I had an amazing conversation with a graduate student this past week who wanted to interview me for her class on gender, sexuality and religion. We discussed a multitude of topics but her final question provoked a passionate response within me that I wanted to share with the rest of you. She asked, “What would you, a minister, say to someone who has been hurt or turned off by the church and no longer attends?”

Here’s what I would say to that person: First off, whatever you have been told, preached or taught, you need to know that God loves you more than you can imagine. That love is infinite, predetermined and non-negotiable. That love has been yours since the very moment you were conceived. I want to apologize on behalf of the church if they have ever taught you anything different from that; if they taught you that you had to earn God’s love or that life is a test to see if you will succeed or fail. You do not need to earn God’s love, ever. That love will never be taken away from you no matter how successful or unsuccessful you are. You just need to be you because God delights in your very existence.

This goes to the essence of Christianity, the immeasurable and powerful notion of grace—a gift of love that nobody deserves and isn’t doled out in correspondence to our deeds or achievements.

And if you are still looking for a spiritual community, don’t give up on us. Inclusive and radically embracing spiritual communities do indeed exist. You don’t even have to exclude your search to Christian communities. If you feel at home in a Buddhist meditation group, a Jewish synagogue or yoga class, seek those out in order to nurture your connection to God. At the very least, commit to some kind of spiritual practice until you find the right community.
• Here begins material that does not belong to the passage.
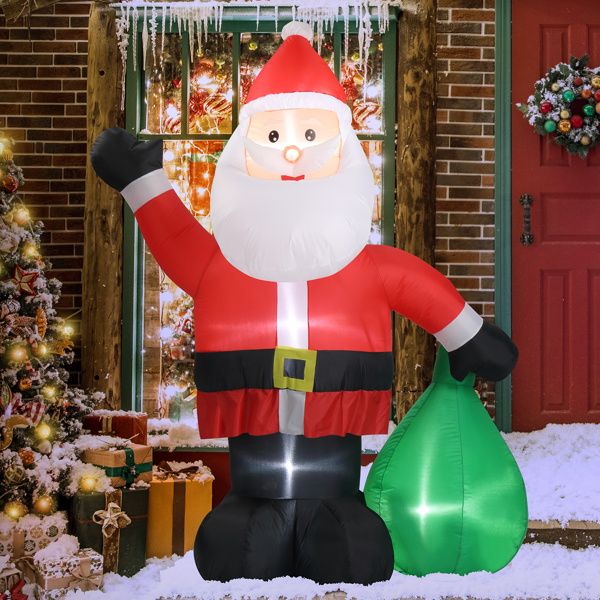 6 FT Lighted Christmas Inflatable Decoration, Inflatable Santa Claus with Large Gift Bag, Funny Blow Up Yard Decorations with Built-in LED Lights for Holiday Party Front Yard Lawn Garden Decor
Your connection to God and your deep knowledge of how loveable you are will be the catalyst for helping you do what you long to do and be who you long to become. It’s paradoxical. We do not need to prove our worth to anybody and especially not to God. At the same time, God’s infinite and predetermined love for us is precisely what helps us to be that person whom God longs for us to be—whole, happy, secure and practicing our set of gifts that, like fingerprints, are unique to every single individual.
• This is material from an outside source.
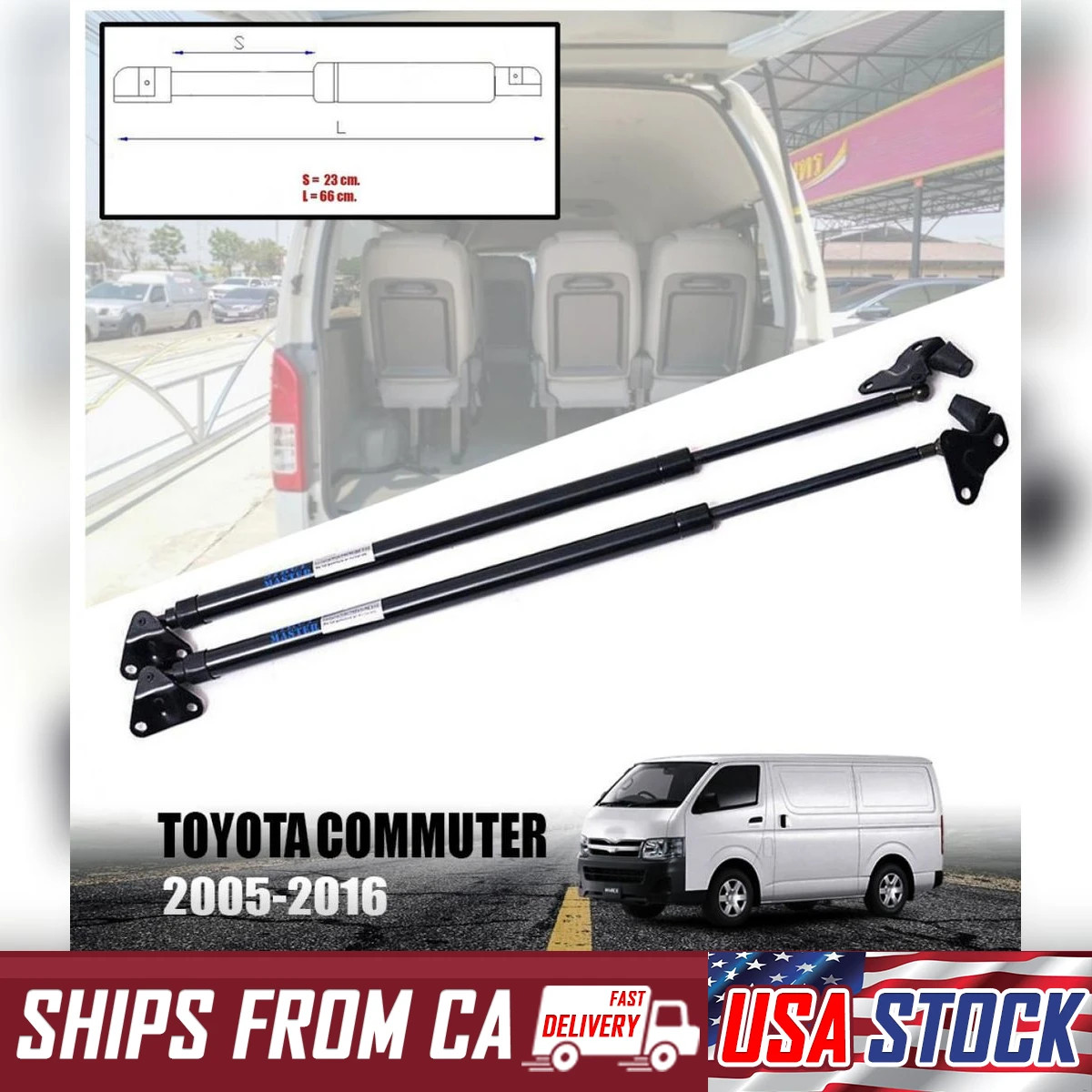 2005+ For Toyota Hiace Commuter Low Roof Rear Door Gas Strut Shock Kit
You may now be wondering, if we do not need to prove our worth, then why are we here on this earth? Most of us have been taught by religion that our lives are a test to see how holy we can be. If we are holy enough, our names will be written in a book of life or something like that. Alternatively, we have been taught by society that our lives can only be measured by how much power, beauty, money and status we gain. If none of this is true, if our worth is predetermined and infinite, then what is the purpose of our lives?

And the purpose of our lives is this: to receive this all as a gift.

I know it sounds too good to be true.

The reason why it’s too good to be true is because of grace.